Neben den verhältnißmäßig nur Wenigen, die wirklich Heilung finden, und zwar auf jene ganz natürliche Weise, ohne dazu einer übernatürlichen Macht oder einer realen „Mutter Gottes“ zu bedürfen, da die Einbildung davon schon genügt, bleibt der weitaus größte Theil der Kranken ungeheilt und unerleichtert. In Frankreich hat man sogar eine besondere Phrase erfunden, um diese Ungeheilten zu trösten. Man sagt ihnen, wenn sie in Lourdes auch nicht Heilung ihrer leiblichen Gebrechen erlangt, so hätten sie doch wenigstens den Frieden ihrer Seele gefunden, der ja weit mehr werth sei, als die Gesundheit des Leibes. Gewiß! Aber dies ist doch kein Wunder, und nur um der Wunder willen wird ja der Ort gepriesen und nur durch sie – die wunderbaren leiblichen Heilungen – will man beweisen, daß eine übernatürliche Macht, daß Maria, die „Unbefleckte Empfängniß“, hier sei und hier wirke.
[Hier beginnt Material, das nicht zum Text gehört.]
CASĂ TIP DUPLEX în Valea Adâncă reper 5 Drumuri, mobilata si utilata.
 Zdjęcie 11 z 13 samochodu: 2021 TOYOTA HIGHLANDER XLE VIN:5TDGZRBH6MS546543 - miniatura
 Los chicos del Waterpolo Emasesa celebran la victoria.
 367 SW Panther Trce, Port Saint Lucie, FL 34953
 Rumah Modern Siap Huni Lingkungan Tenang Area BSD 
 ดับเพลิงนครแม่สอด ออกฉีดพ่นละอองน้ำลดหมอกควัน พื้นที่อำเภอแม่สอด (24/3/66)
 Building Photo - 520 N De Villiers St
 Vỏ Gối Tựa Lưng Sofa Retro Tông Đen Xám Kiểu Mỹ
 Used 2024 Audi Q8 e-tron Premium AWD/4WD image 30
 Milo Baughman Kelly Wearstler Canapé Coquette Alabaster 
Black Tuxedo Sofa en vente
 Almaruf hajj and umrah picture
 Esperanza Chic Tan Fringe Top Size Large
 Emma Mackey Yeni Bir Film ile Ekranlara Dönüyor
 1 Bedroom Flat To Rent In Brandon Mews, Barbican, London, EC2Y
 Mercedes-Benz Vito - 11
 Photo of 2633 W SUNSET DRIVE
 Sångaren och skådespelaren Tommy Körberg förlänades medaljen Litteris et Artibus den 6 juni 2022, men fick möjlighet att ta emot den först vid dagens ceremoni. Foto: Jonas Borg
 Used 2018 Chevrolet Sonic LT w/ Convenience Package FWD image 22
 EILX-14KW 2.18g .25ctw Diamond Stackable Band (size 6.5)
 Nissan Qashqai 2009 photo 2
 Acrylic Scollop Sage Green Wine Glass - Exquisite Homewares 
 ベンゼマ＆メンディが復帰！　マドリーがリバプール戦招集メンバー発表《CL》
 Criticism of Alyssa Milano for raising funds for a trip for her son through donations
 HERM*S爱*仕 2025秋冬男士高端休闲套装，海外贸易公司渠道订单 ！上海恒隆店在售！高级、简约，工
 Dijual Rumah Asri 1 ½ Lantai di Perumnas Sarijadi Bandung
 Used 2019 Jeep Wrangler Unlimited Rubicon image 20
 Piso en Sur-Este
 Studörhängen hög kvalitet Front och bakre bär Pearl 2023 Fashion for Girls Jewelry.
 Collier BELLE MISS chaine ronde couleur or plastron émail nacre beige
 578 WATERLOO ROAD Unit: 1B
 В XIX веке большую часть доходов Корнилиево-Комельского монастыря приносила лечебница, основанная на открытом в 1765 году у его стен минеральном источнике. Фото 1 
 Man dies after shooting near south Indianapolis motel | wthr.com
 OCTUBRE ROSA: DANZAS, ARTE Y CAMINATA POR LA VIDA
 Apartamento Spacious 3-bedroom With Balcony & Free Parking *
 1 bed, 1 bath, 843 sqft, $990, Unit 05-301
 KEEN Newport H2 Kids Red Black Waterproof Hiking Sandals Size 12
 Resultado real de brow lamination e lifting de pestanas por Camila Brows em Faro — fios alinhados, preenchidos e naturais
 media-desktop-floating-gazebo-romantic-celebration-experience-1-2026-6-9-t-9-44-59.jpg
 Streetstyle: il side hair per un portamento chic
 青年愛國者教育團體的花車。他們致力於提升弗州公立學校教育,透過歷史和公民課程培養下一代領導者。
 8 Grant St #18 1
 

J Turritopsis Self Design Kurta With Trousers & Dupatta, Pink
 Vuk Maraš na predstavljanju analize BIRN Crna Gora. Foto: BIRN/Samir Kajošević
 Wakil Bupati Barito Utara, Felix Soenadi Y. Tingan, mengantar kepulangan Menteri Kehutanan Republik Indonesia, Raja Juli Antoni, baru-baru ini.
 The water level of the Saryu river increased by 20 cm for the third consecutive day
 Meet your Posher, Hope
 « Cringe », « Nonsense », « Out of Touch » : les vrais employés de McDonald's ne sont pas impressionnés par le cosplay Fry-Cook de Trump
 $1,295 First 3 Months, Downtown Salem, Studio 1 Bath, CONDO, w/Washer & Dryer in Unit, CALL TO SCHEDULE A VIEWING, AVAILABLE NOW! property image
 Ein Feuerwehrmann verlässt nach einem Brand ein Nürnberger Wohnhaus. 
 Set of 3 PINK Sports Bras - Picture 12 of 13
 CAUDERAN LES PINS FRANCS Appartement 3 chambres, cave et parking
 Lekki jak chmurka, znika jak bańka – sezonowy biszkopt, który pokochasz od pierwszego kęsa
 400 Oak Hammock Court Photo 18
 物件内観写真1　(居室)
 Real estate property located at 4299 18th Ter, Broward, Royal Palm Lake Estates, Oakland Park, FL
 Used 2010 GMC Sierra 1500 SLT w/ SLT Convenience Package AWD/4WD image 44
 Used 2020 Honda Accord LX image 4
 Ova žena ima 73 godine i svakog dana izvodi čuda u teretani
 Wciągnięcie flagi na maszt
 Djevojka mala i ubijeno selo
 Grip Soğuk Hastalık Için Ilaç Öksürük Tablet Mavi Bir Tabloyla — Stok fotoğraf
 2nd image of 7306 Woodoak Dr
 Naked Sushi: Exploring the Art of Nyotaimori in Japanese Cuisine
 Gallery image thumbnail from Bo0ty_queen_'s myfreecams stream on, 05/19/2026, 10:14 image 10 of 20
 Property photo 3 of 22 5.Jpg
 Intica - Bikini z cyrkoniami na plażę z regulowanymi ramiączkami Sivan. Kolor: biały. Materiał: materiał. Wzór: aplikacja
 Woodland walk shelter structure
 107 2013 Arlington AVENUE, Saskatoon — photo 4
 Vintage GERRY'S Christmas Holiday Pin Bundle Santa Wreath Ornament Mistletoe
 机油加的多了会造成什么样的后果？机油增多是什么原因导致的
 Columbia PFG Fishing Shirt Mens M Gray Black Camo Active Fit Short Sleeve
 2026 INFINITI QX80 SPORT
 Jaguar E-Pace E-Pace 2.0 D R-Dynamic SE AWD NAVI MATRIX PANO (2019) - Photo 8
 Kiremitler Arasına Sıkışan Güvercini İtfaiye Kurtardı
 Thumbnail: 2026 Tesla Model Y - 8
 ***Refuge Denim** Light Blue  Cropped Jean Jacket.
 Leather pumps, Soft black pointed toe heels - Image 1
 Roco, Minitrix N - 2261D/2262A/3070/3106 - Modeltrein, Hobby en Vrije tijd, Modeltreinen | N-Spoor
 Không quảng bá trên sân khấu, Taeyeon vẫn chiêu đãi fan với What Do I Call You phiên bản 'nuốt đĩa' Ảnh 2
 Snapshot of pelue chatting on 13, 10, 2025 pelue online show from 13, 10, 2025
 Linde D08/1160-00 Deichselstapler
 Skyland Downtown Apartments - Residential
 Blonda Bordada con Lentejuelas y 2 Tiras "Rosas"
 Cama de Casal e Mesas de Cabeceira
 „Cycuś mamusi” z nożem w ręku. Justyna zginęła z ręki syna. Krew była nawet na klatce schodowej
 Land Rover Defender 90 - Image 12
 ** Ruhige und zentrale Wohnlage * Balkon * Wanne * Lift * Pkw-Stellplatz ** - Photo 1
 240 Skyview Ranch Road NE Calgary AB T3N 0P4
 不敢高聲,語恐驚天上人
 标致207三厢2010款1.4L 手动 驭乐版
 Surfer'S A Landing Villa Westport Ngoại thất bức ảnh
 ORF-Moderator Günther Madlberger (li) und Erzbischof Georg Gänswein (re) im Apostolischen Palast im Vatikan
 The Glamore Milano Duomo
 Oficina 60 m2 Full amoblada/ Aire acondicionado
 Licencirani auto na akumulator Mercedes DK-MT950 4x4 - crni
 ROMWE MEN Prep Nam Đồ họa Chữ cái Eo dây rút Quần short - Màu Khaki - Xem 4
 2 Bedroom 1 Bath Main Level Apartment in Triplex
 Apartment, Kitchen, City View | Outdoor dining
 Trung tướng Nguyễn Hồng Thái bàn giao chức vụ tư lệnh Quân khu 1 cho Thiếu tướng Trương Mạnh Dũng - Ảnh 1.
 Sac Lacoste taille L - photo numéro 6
Um erlangten Seelenfriedens willen entsteht wahrlich kein berühmter Wallfahrtsort! Eben um der geringen Zahl der Heilungen willen, während die Mehrzahl ungeheilt bleibt – beweisen diese Heilungen nichts, da sie zufällig sind und aus natürlichen Ursachen stammen können, also nicht nothwendig eine übernatürliche Macht voraussetzen. Außerdem aber müssen auch die Nichtheilungen in Betracht gezogen werden, da sie direct gegen die Wirksamkeit einer übernatürlichen Kraft Zeugniß geben. Zwar möchte man geneigt sein hier einzuwenden, daß es doch wohl im Belieben oder im Ermessen der „Mutter Gottes“ stehen müsse, den Einen zu helfen und den Uebrigen die Hülfe zu versagen, sodaß immerhin die Wenigen übernatürlich geheilt sein könnten und die größere Zahl der Nichtgeheilten kein Zeugniß, keine Instanz gegen die Thatsächlichkeit einer wirkenden Wunderkraft wäre. Vergeblich! Da die wenigen sogenannten Wunderheilungen keine unbedingte Beweiskraft für das Wirken einer übernatürlichen Macht besitzen, weil sie auch auf andere, auf natürliche Weise erklärt werden können, so hat man kein Recht mehr, den Nichtheilungen eine bloße, gänzlich unbewiesene Möglichkeit der Wunderwirkung entgegen zu stellen. Außerdem aber: wozu denn eine so große Veranstaltung mit der Erscheinung der „Mutter Gottes“ selbst, wozu die Erfindung des Wunderwassers etc., wenn doch nur Einige geheilt werden sollten, während man die allerkolossalste Reclame macht und von überall her Pilger und Kranke zusammentrommelt! Alles, damit ein paar Schaustücke geliefert werden, wie von einem Tausendkünstler auf einem Jahrmarkte, während die Mehrzahl der Hülfsbedürftigen vergeblich Zeit, Mühe und Kosten angewendet hat? – Im Uebrigen ist dem noch beizufügen, daß die wenigen Geheilten oder Erleichterten selbst den vielen Ungeheilten gegenüber kaum ernstlich glauben dürften, daß sie wirklich direct durch Wundermacht geheilt seien, während den Anderen dies versagt geblieben – wofern sie nur einigermaßen noch gesunden Sinn und Bescheidenheit bewahrt hätten und nicht durch falsche Vorspiegelungen schon ganz verblendet und verbildet wären.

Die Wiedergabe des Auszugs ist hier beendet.